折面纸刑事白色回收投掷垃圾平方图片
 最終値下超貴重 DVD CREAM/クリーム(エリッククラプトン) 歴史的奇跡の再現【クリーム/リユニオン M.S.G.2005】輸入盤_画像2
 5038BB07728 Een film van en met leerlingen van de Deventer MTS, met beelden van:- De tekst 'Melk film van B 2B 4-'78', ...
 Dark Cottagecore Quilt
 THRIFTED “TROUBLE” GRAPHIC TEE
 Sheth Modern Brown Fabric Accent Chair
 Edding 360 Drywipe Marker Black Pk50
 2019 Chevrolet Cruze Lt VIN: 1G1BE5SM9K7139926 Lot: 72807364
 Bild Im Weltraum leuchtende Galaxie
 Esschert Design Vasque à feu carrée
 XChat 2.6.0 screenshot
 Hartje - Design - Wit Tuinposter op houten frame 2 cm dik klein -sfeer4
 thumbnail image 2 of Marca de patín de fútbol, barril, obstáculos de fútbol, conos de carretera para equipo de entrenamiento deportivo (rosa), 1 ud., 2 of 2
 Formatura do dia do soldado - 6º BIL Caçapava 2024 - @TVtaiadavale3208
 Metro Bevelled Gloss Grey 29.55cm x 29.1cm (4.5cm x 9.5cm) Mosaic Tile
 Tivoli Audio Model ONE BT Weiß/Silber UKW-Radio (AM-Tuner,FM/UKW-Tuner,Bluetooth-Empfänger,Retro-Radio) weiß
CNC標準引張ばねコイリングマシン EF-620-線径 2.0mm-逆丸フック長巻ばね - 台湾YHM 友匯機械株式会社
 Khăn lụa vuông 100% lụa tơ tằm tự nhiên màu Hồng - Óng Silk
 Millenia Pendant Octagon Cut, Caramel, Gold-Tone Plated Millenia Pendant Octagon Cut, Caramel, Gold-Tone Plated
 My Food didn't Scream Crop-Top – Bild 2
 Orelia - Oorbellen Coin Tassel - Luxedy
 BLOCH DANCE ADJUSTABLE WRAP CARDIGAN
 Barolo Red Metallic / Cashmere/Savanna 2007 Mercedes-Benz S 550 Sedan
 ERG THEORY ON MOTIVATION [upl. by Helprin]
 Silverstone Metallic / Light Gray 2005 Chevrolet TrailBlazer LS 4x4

+++

Looking back over the data above, restate word for word the lines that begin at the line with "Sheth Modern Brown Fabric Accent Chair" and end at the line with "thumbnail image 2", inclusive.

 Sheth Modern Brown Fabric Accent Chair
 Edding 360 Drywipe Marker Black Pk50
 2019 Chevrolet Cruze Lt VIN: 1G1BE5SM9K7139926 Lot: 72807364
 Bild Im Weltraum leuchtende Galaxie
 Esschert Design Vasque à feu carrée
 XChat 2.6.0 screenshot
 Hartje - Design - Wit Tuinposter op houten frame 2 cm dik klein -sfeer4
 thumbnail image 2 of Marca de patín de fútbol, barril, obstáculos de fútbol, conos de carretera para equipo de entrenamiento deportivo (rosa), 1 ud., 2 of 2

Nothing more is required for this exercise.